▸ **Material provided**
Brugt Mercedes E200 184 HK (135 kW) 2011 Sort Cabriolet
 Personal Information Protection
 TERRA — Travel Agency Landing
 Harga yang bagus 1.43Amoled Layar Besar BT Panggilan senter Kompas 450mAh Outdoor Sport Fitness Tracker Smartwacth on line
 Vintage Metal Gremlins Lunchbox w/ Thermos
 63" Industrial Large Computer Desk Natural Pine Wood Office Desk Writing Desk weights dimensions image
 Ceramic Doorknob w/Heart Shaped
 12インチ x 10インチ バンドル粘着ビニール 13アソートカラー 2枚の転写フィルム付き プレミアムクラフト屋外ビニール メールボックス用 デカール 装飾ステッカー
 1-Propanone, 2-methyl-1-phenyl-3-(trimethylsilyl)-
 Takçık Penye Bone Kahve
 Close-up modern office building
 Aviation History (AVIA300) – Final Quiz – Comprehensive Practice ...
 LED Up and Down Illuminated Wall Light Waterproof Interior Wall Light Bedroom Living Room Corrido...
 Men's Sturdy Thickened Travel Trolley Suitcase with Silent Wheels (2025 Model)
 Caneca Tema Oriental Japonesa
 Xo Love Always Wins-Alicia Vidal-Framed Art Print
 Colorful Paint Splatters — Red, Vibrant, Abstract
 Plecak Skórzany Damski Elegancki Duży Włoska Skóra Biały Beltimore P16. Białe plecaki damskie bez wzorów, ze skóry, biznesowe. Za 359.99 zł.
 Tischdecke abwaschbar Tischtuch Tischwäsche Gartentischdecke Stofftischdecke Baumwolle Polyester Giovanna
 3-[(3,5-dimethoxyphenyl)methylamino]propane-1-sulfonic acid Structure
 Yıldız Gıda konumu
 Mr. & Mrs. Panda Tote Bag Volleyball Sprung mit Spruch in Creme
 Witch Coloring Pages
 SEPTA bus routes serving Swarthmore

▸ **What is required**
Within the data above, the span starting at the line containing "Xo Love Always" and ending at the line containing "Plecak Skórzany Damski" is to be retyped exactly, with no other lines.

▸ **Response to this task**
 Xo Love Always Wins-Alicia Vidal-Framed Art Print
 Colorful Paint Splatters — Red, Vibrant, Abstract
 Plecak Skórzany Damski Elegancki Duży Włoska Skóra Biały Beltimore P16. Białe plecaki damskie bez wzorów, ze skóry, biznesowe. Za 359.99 zł.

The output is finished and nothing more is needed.